DATA FOR REVIEW
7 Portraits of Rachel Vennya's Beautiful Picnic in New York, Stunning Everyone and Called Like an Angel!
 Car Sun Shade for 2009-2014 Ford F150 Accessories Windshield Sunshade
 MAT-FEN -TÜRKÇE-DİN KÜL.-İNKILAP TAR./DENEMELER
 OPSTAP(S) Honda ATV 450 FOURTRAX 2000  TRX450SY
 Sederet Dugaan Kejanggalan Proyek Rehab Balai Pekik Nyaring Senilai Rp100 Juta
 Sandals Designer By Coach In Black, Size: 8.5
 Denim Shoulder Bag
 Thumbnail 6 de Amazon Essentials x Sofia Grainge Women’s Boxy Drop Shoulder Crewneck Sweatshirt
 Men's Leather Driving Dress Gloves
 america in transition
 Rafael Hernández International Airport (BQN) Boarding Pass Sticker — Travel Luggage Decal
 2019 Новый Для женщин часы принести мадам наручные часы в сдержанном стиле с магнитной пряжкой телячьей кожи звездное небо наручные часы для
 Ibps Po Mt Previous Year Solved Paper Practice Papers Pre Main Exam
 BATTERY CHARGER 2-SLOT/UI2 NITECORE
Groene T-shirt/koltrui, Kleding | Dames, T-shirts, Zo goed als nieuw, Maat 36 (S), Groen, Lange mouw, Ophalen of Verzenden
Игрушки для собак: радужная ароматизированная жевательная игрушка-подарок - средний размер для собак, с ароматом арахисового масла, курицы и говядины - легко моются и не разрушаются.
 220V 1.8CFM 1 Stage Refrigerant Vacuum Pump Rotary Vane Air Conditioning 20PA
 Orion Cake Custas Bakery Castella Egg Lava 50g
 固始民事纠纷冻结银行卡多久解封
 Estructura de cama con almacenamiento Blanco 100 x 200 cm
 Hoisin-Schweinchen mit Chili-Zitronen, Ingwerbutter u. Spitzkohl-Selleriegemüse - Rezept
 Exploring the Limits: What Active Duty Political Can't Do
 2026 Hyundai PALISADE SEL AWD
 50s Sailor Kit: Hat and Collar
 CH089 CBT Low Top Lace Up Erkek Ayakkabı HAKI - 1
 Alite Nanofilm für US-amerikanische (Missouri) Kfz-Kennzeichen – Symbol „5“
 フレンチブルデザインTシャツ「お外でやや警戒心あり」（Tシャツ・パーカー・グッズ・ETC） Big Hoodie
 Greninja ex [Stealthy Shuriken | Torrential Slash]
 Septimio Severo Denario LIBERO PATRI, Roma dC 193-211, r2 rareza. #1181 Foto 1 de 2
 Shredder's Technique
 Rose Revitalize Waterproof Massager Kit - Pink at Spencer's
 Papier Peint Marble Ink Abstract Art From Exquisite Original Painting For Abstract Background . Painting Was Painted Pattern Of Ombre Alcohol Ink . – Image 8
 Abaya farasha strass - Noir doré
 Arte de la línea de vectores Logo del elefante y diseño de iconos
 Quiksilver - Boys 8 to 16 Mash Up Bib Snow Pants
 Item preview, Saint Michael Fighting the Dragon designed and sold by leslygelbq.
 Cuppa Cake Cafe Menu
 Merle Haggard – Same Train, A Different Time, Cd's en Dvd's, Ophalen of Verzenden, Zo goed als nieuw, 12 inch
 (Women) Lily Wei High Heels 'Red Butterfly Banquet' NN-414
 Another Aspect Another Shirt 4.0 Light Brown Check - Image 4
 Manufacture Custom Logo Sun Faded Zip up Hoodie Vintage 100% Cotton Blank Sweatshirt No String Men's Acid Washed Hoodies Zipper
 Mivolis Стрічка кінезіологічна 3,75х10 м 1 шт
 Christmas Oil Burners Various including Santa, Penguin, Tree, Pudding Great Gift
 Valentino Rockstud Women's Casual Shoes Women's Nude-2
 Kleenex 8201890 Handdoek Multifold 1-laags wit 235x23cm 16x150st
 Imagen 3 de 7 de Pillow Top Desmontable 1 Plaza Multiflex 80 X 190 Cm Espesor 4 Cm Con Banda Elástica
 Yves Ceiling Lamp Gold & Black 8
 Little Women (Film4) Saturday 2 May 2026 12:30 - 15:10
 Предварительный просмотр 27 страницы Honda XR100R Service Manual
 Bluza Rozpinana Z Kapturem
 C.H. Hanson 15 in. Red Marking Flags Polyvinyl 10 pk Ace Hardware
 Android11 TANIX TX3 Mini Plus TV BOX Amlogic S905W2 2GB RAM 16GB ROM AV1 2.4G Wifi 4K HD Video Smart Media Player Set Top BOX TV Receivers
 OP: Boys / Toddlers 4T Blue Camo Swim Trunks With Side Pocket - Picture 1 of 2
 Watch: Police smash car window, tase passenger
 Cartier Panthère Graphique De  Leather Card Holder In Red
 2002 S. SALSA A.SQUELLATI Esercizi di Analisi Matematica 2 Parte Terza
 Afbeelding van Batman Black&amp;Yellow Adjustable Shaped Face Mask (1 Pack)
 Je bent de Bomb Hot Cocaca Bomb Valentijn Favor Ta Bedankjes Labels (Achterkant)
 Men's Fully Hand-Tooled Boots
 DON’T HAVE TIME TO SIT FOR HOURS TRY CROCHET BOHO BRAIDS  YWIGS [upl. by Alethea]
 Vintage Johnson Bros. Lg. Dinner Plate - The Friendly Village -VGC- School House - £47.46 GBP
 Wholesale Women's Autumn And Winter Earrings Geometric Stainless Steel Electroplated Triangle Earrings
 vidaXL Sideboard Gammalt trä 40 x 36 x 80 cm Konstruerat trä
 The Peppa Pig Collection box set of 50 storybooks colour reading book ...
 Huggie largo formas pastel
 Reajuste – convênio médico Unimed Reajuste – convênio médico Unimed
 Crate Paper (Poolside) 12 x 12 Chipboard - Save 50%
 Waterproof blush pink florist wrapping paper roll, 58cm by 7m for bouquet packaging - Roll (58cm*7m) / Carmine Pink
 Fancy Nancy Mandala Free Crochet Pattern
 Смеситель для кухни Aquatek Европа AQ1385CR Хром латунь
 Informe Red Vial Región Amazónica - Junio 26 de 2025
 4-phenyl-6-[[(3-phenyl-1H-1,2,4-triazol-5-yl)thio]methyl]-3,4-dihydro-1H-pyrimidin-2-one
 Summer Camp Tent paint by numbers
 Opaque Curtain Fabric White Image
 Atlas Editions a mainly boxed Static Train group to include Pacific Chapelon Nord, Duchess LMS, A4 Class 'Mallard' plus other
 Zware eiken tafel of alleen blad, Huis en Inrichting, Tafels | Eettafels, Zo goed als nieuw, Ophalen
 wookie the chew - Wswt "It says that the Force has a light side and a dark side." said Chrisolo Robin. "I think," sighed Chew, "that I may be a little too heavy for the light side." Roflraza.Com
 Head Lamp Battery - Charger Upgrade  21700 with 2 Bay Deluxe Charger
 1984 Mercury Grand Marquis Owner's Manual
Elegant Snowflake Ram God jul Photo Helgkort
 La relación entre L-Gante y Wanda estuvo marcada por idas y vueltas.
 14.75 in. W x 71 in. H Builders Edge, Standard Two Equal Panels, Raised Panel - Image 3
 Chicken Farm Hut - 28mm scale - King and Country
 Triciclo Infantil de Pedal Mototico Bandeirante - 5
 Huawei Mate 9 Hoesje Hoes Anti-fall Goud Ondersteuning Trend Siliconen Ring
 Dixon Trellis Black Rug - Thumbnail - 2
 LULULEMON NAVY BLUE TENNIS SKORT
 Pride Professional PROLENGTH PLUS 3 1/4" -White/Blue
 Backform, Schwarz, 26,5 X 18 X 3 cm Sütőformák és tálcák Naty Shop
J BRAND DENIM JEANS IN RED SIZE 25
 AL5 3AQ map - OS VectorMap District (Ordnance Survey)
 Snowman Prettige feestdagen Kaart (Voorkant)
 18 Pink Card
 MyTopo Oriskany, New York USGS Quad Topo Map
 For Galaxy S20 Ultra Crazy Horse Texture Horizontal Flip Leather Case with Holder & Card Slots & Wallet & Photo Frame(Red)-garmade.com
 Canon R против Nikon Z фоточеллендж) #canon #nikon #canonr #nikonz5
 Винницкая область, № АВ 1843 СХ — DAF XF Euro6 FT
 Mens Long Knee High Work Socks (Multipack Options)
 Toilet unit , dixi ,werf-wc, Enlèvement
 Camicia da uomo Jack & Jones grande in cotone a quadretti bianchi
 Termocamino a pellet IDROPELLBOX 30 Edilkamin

TASK REQUIREMENTS
All lines in the preceding records that hold the word "Photo" need to be copied.

REPLY TO THE EXERCISE
Elegant Snowflake Ram God jul Photo Helgkort
 For Galaxy S20 Ultra Crazy Horse Texture Horizontal Flip Leather Case with Holder & Card Slots & Wallet & Photo Frame(Red)-garmade.com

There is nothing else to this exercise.